Hydropic leiomyoma presenting as a rare condition of pseudo-Meigs syndrome: literature review and a case of a pseudo-Meigs syndrome mimicking ovarian carcinoma with elevated CA125

Mehrnoosh Pauls 1, Heather MacKenzie 1, Ravi Ramjeesingh 2
PMCID: PMC6340602  PMID: 30635302

Abstract

The clinical scenario of a female patient with a pelvic mass, elevated CA125 tumour marker, pleural effusion and ascites is often associated with malignancy. However, not all cases are malignant. Non-malignant diseases, such as Meigs syndrome and pseudo-Meigs syndrome, must be part of your differential. We present a 56-year-old woman with dyspnoea secondary to a right pleural effusion. After further investigations, a serum cancer antigen-125 was found to be elevated at 437.3 U/mL. CT of her abdomen and pelvis showed a large heterogeneous mass in the pelvis measuring 13.2×9.7×15.1 cm with mild ascites. She was initially thought to have ovarian carcinoma and underwent total abdominal hysterectomy and bilateral salpingo-oophorectomy with omental biopsy. Pathology from the surgical specimen revealed a hydropic leiomyoma and after removal of pelvic mass her pleural effusion and ascites completely resolved. She was ultimately diagnosed with the rare pseudo-Meigs syndrome.

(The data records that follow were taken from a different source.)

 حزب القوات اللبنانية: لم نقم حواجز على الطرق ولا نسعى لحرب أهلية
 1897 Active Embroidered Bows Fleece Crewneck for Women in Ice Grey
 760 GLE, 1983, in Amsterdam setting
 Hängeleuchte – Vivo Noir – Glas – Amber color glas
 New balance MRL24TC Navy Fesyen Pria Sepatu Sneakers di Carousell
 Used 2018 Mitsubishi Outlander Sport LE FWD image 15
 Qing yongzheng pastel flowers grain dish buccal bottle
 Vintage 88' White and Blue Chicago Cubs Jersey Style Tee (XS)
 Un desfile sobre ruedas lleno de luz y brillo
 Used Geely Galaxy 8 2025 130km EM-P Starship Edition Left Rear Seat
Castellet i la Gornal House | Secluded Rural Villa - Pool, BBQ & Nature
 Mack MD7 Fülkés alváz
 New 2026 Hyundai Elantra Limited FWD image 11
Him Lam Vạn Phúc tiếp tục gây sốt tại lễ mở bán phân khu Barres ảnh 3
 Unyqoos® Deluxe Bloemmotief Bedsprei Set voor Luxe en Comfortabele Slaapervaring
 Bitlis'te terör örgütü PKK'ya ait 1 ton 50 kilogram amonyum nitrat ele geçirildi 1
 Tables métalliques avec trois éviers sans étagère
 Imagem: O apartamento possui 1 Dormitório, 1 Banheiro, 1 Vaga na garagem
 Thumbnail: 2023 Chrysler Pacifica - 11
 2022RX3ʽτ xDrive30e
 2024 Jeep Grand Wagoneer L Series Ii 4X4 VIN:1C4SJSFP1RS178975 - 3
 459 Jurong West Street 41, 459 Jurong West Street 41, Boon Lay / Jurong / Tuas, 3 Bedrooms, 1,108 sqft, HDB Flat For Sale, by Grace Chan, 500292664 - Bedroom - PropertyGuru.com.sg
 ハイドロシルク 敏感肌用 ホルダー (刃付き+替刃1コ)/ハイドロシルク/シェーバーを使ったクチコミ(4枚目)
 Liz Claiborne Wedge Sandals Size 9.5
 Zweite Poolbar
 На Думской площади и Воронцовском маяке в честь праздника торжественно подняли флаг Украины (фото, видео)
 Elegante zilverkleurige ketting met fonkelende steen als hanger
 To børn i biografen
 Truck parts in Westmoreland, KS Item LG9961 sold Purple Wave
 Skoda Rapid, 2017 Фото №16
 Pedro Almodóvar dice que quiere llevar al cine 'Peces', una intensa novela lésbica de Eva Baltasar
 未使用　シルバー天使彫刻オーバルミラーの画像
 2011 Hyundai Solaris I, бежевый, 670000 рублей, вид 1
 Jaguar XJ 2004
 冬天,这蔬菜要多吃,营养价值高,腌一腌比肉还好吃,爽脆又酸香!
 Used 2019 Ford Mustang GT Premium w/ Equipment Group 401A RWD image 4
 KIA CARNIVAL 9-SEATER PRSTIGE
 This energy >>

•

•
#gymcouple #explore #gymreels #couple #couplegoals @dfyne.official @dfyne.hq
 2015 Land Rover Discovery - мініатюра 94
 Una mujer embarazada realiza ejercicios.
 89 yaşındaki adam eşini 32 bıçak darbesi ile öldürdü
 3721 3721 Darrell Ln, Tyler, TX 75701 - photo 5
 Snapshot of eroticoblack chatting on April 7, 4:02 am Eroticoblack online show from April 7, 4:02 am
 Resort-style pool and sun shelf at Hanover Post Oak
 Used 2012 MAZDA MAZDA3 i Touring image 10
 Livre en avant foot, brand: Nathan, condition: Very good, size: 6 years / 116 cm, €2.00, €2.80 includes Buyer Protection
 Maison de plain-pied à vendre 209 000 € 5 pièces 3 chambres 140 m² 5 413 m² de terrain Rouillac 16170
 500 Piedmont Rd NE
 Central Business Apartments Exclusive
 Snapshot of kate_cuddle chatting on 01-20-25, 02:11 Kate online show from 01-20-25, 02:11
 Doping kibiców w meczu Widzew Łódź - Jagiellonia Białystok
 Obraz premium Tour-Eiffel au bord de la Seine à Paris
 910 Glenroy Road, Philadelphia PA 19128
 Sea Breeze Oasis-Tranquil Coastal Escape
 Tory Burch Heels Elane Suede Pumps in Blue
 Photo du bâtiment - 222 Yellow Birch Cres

Keywords: medical education, obstetrics and gynaecology, oncology

Background

Meigs syndrome is a rare condition and defined by an ovarian fibroma or fibroma-like tumour (thecoma, granulosa cell and/or Brenner tumour) presenting with ascites and/or pleural effusion.1–3 This extremely rare syndrome is associated with a low incidence rate. Only 1% of ovarian tumours present as Meigs syndrome.1

Pseudo-Meigs syndrome has a similar clinical presentation as Meigs syndrome (pleural effusions and/or ascites, with an ovarian mass); however, the mass itself is not a fibroma or fibroma-like tumour.2 Pathologies reported in pseudo-Meigs syndrome include tumours such as cystadenoma, mature teratoma, struma ovarii and leiomyoma.3 Currently, there is no clear incidence reported of pseudo-Meigs syndrome in the literature, making this presentation exceptionally rare.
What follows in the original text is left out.